Reproducing EPaxos with Docker

Published in

Princeton Systems Course

6 min readMay 14, 2019

Jinzheng Tu and Yu Zeng

Why EPaxos?

The Paxos Parliament had to function even though legislators continually wandered in and out of the parliamentary Chamber. — Lamport

Consistency protocols have long been an important research topic, even before the era of big data. The most widely used protocols are Paxos and its variant, Multi-paxos. But both these two have drawbacks in performance. Paxos has high latency and low throughput due to its two round trip for every message. Multi-paxos solves these issue by having one leader serving multiple messages. But as a natural result availability becomes a problem.

The EPaxos aims to solve all the latency, throughput and availability problems. It works quite differently from the two above. In both Paxos and Multi-paxos, all the requests are in a single line in sequential order agreed by all the replicas. While in EPaxos, the number of lines equal the number of servers, like what is shown in the following figure.

That is because every server is the leader for the request that it received. This proves to have benefits in every aspect of performance. For the latency and throughput, unlike Paxos, the servers do not contend to be the leader, saving a large number of time. Also, as proved in the paper, if system is in good condition, the leader can choose a fast quorum which takes only one round-trip. On the other side, multiple servers can be leaders at the same time. This balanced the workload across multiple servers and improves availability compared with Multi-Paxos.

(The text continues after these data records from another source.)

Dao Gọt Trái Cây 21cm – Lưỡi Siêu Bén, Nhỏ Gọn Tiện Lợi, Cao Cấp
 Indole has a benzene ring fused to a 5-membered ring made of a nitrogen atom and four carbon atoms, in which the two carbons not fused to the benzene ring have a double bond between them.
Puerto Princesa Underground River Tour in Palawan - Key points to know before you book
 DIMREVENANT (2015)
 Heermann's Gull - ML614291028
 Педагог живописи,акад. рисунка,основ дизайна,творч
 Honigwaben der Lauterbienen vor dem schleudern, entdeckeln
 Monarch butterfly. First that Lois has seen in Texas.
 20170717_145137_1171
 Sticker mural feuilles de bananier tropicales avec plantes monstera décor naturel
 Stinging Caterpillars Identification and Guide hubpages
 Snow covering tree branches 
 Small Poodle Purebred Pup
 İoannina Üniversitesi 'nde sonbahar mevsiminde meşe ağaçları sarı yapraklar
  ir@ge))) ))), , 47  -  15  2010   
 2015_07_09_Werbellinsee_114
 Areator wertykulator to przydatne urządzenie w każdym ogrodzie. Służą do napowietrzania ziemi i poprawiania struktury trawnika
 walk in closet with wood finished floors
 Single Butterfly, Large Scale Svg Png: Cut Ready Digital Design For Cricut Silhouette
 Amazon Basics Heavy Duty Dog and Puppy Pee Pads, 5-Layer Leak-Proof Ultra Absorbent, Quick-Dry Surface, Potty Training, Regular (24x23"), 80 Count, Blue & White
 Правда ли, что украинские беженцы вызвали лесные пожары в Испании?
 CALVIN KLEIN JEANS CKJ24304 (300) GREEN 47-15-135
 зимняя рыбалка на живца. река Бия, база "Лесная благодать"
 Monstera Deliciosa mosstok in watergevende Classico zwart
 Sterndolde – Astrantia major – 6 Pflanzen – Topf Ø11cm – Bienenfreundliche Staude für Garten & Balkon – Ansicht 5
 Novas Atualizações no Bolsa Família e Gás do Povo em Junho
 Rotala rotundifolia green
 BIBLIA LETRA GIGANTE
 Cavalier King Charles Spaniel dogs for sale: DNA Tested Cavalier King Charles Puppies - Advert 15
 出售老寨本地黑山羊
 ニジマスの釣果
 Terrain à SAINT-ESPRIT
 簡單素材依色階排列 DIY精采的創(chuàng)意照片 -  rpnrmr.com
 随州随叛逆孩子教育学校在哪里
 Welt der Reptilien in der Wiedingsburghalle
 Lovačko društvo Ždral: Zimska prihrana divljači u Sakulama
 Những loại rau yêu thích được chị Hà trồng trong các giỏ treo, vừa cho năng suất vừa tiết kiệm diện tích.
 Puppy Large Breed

But nothing comes at no cost. Though the two-dimension array brings improvement in performance, it makes it harder to execute the commands. This is also a natural result of two-dimension array. The commands are put in multiple arrays, and it is not clear from their positions in the arrays which come earlier than others.Therefore, every command should be stored together with information about their dependencies. And then during the execution, one command cannot be executed until its dependencies have been executed.

How did we implement it?

We follow the classical software engineering procedure to implement the EPaxos, with slight simplification: requirement analysis, system design, system deployment.

Requirement analysis

We start by identifying use cases, graphically depicted as below: the EPaxos subsystem shall incorporate PUT and GET semantics while offering probe (for potential debugging purpose).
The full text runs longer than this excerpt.